Until this months challenge I had never heard of molecular cuisine (sort of the science of cooking) but I am now fascinated by it, the science geek in me wants to know more plus gluten free baking has a healthy dose of chemistry to learn if you want to get your head round mixing your own flour mixes. Over the winter when there is less growing of vegs going on, and indeed less weeds to keep in check, I may well check out some of the forums on the subject.
Anyway on to the challenge. Sketchy, from Sketchy's Kitchen set us a challenge to recreate a dish from Grant Achatz, found in the Alinea cookbook - page 230. This dish looks very obscure and strange to start with and before this the only chef I'd really come across doing such things was Heston Blumenthal who has recently done a couple of wonderful and very mad programs on british TV.
The dish is basically fish pouched in butter served on beans and slices of banana. Sounds pretty basic so far doesn't it ! However then you add multiple powders, dried and ground up ingredients, things that would normally be put in a sauce to go with the fish. Many people were very thrown by this part but taking a deep breath I looked at it and realised that while there was a bunch of prep none of it was hard in and of itself. As it happened I had just started experimenting with drying and indeed grinding things to powder just a few days earlier and had just done some lemon peal which turned out to be one fo the ingredients.
In the end I did 5 powders and used four of them. We were given various ways to do the drying. A dehydrator - something I'd love to own but don't. Microwave - quick but less good flavour wise on the couple I tried or the oven on a very low heat which is what I opted for on most for mine. They they were crushed in a mortar and pestle and sieved though a fine sieve.
The powders I did were
Parsley -(bottom left) Oven was slightly better than microwave but fundamentally both taste like dried grass which is pretty much the same as shop bought dried parsley
Oregano - quite bitter tasting and I didn't use it in the end, again oven better than microwave.
Lemon peel - (bottom right) just plain peel dried, the recipe called for candied peel but I had already done the plain so that is what I used. Smelt divine and tasted like sherbet.
Red Onion - (top right) Fantastic flavour, lovely pink colour.
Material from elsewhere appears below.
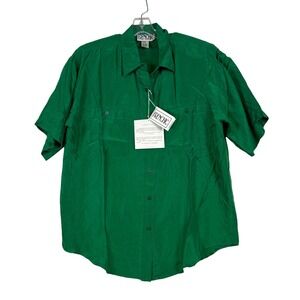 NWT Vintage Womens Dark Green Washable Silk Short Sleeve Button Up Shirt Retro L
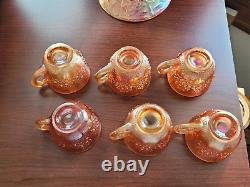 Marigold Fenton Carnival Glass Orange Tree Pattern Punch Bowl & 6 Punch Cups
I very tempted to do more for flavouring things
Capers - (top left) Ones in vinegar, washed and dried. Another very flavoursome one.
To make up the dish the powders were piled on the plate and then swirled. The green beans were cooked in a Beurre Monte, which is basically butter emulsified with water first. The fish was also cooked the same way. The recipe stated skate but I used Pouting which is a nice and fairly cheap white fish.
Some slices of banana were placed on the plate then green beans and finally fish. It was topped with ground dried banana flakes.
So what was it like?? Funny dry powders? Actually it was amazing. Not at all dry, partly due to the butter things were cooked in. The powders exploded flavour, well part from the parsley but even that added colour. All together the flavours worked fabulously and it got a very good reception from Tom, once he got over the fish bone he is jinked to find however hard I try!!
I really recommend trying this it is worth the faff of making the powders and they in themselves are an interesting experiment.